Without active support for first-time buyers, other parts of the housing market would also suffer. He said: “Once it’s safe to return to physical valuations, it is essential that lenders resume offering first-time buyer loans as quickly as possible because these buyers are crucial to the overall health of the market.”
Figures from Moneyfacts, an analyst, show that mortgage lenders have withdrawn 30pc of loans on the market in less than two weeks. Today there are 3,654 loans available to home buyers and remortgage customers, versus the 5,177 that were available on March 19.

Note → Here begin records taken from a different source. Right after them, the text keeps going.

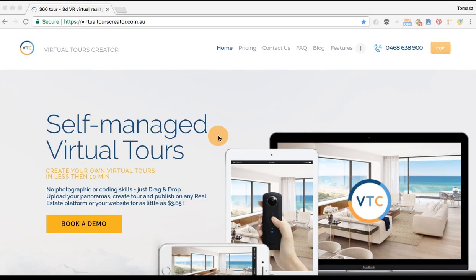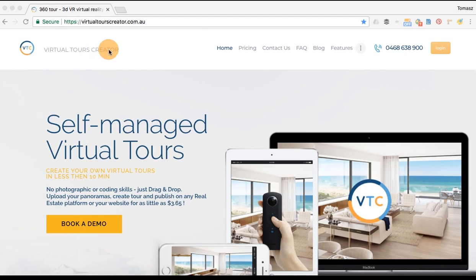Welcome to Virtual Tours Creator. My name is Tom and I will walk you through the process of creating a virtual tour.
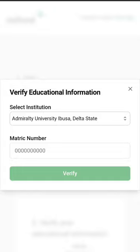Once you put your admission number, the portal opens and you continue filling the form. That is it, guys — see you on the other side.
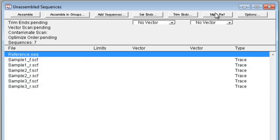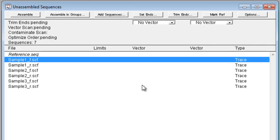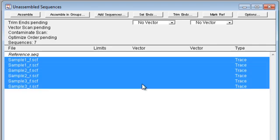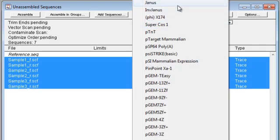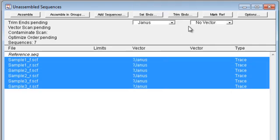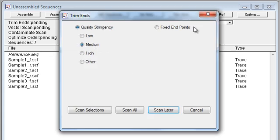Then use the MarkRef button to designate the reference sequence. Here you can also specify a vector sequence to trim and adjust quality trimming options.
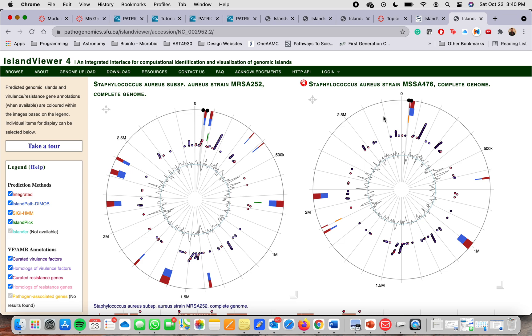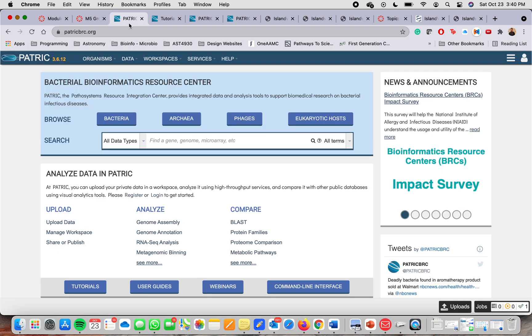If you have more information, you can go through the user guide. The other tool is the Patrick tool. The Patrick tool is the Pathosystem Resource Integration Center.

Eleanor Williams, of Moneyfacts, said she hoped the withdrawal of low-deposit mortgages would be a temporary measure as banks assess the new risks in the market, such as falling house prices. “With so much uncertainty at the moment, providers seem to initially be focusing on the support that their existing customers may need in the coming weeks,” she said.
Despite the restricted choice, mortgage deals have become cheaper since the Bank of England’s two emergency interest rate cuts. The average five-year fixed-rate mortgage rate has fallen from 2.94pc at the start of the year to 2.68pc today.
However, Mr Harris warned that many would be unable to take advantage of these low rates. He said: “Until lockdown and staffing issues at banks are resolved, we are not expecting a return to a ’normal’ functioning purchase and remortgage market.”